Ketakutan dapat disebut sebagai protagonis dari film horor. Dari frame pertama, ia memfokuskan perhatian penonton, yang, bersama dengan para pahlawan gambar, menjadi peserta dalam game virtual "The Executer - Victim." Seseorang yang mendapati dirinya dalam situasi yang tidak terkendali oleh keinginannya untuk bergantung pada manifestasi jahat supernatural, mistik, dan unsur-unsur tidak dapat melawannya secara fisik dan melawan secara moral. Konvensi situasi semacam itu tidak mengurangi tekanan emosional, perasaan cemas, dan harapan-harapan dari kesedihan tragis film tersebut.

Dalam film thriller ini, penghentian konflik membebaskan pemirsa dari ketegangan semacam itu. Dalam film horor, itu tidak hilang sampai frame terakhir.

untuk isi ↑

Kesimpulan

  1. Emosi yang dipicu oleh menonton film thriller ini adalah ketidakpastian dan kegembiraan yang mengganggu yang berbatasan dengan rasa takut. Sebuah film horor berulang kali meningkatkan emosi ini dan menyebabkan manifestasi mereka yang lebih nyata..
  2. Motif utama film thriller ini adalah tes fisik dan psikologis sang pahlawan.

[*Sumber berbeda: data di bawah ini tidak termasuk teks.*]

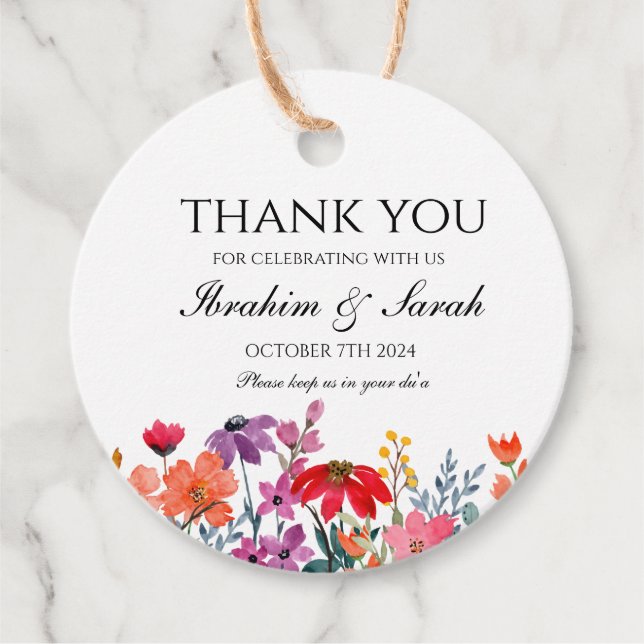 Étiquettes Cadeau Merci nikah mariage musulman faveur floral (Devant)
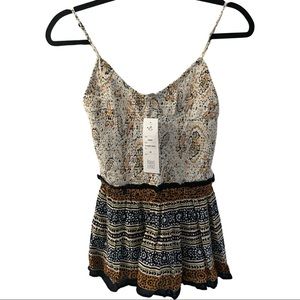 NWT colorful womens sleeveless top patrons of peace xs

Film horor secara tradisional kontras baik dan jahat.
  3. Plot film thriller dibangun sebagai rantai peristiwa di mana kualitas kehendak, intelektual dan fisik pahlawan dimanifestasikan. Isi film horor tunduk pada skema "algojo - korban", yang menurutnya jalannya peristiwa tidak tergantung pada kehendak pahlawan.
  4. Dalam film thriller dan horor, trik umum digunakan dengan gambar kekerasan dan kematian, tetapi dalam film petualangan, fiksi mistis atau sains mereka hanya meningkatkan tekanan emosional, dan dalam film horor menyebabkan ketakutan nyata.